Srinath Prahlad
- Country (sports): India
- Born: 8 January 1973 (age 52)
- Height: 1.85 m (6 ft 1 in)
- Turned pro: 1997
- Plays: Right-handed
- Prize money: $42,470

Singles
- Career record: 0–5
- Career titles: 0
- Highest ranking: No. 310 (25 October 1999)
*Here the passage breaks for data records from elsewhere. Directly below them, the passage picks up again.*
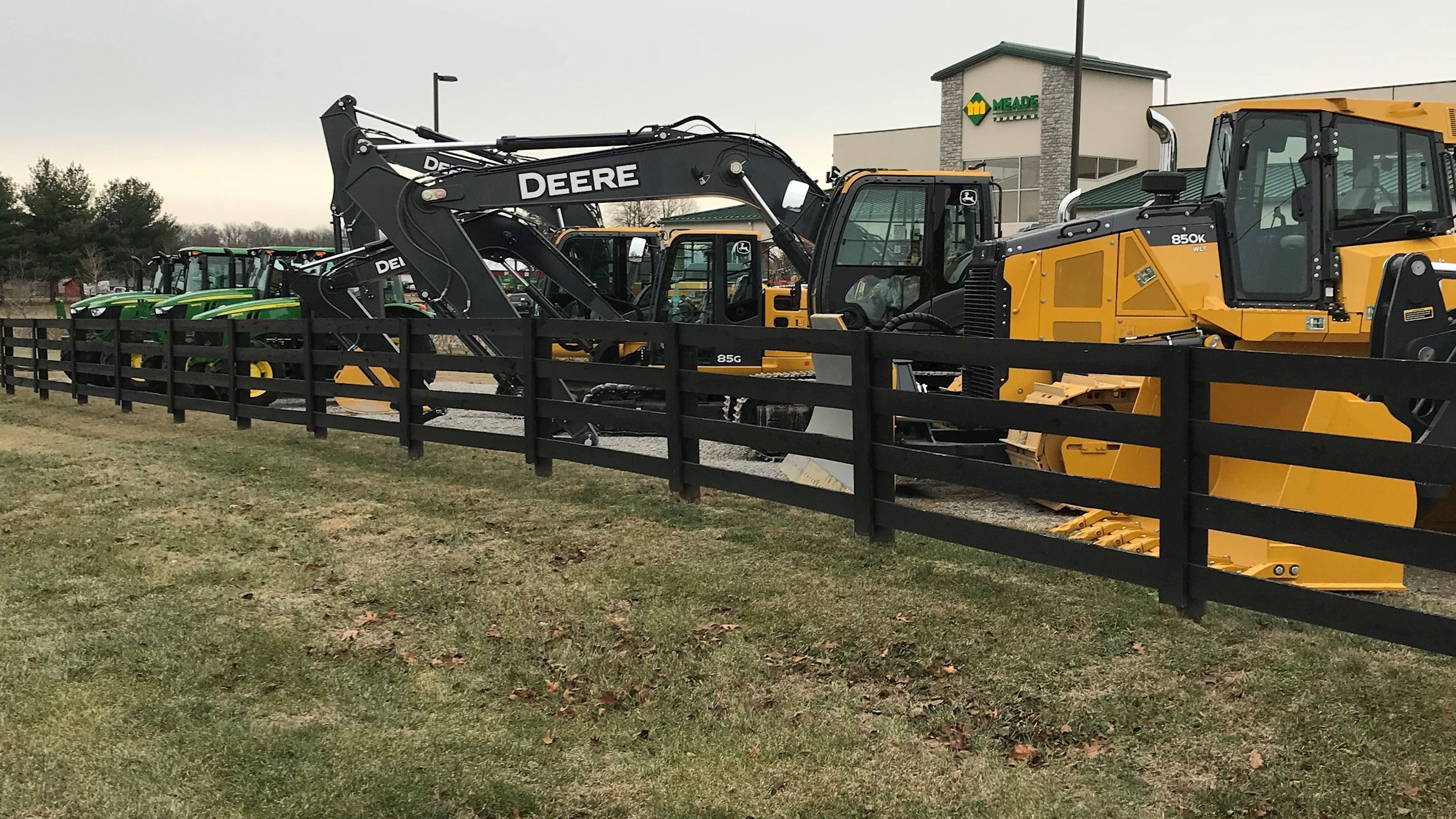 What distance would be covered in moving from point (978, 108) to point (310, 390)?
31149 mm

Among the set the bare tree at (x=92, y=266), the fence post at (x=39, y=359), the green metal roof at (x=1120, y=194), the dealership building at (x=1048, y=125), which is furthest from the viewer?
the bare tree at (x=92, y=266)

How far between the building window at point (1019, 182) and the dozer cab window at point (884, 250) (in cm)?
2708

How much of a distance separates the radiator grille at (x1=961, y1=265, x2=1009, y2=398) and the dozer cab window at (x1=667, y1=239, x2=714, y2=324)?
19.3 feet

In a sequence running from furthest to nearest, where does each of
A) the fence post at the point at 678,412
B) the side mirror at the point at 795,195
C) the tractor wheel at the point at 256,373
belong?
1. the tractor wheel at the point at 256,373
2. the side mirror at the point at 795,195
3. the fence post at the point at 678,412

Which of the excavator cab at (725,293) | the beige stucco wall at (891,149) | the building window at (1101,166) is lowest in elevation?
the excavator cab at (725,293)

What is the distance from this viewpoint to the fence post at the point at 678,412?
828 centimetres

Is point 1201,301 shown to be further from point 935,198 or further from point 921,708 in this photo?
point 921,708

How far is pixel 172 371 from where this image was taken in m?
14.6

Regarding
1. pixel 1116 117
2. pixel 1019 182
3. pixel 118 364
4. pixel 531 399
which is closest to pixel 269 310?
pixel 118 364

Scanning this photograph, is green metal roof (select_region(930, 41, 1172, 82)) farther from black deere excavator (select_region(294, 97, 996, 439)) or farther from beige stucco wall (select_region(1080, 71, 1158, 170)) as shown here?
black deere excavator (select_region(294, 97, 996, 439))

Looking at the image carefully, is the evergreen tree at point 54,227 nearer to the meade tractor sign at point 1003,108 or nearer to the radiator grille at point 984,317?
the meade tractor sign at point 1003,108

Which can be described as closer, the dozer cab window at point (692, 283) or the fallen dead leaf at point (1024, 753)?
the fallen dead leaf at point (1024, 753)

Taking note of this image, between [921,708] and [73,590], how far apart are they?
190 inches

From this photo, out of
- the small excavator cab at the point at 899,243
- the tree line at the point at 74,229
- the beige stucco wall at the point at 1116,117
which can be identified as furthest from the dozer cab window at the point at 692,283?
the tree line at the point at 74,229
Grand Slam singles results
- Australian Open: -
- French Open: -
- Wimbledon: -
- US Open: -

Doubles
- Career record: 4–4
- Career titles: 0
- Highest ranking: No. 223 (21 February 2000)

Medal record
Representing India
Asian Games
| Bronze medal – third place | 1998 Bangkok | Singles |
| Bronze medal – third place | 1998 Bangkok | Team |

= Srinath Prahlad =

Indian tennis player

Srinath Prahlad (born 8 January 1973) is an Indian former tennis player. He won two bronze medals at the 1998 Asian Games and competed in the Davis Cup. He reached one ATP doubles final partnering fellow Indian Saurav Panja at the 2000 Chennai Open but lost 7–5, 6–1 to Julien Boutter and Christophe Rochus. He started an academy named SAT Sports at Bangalore.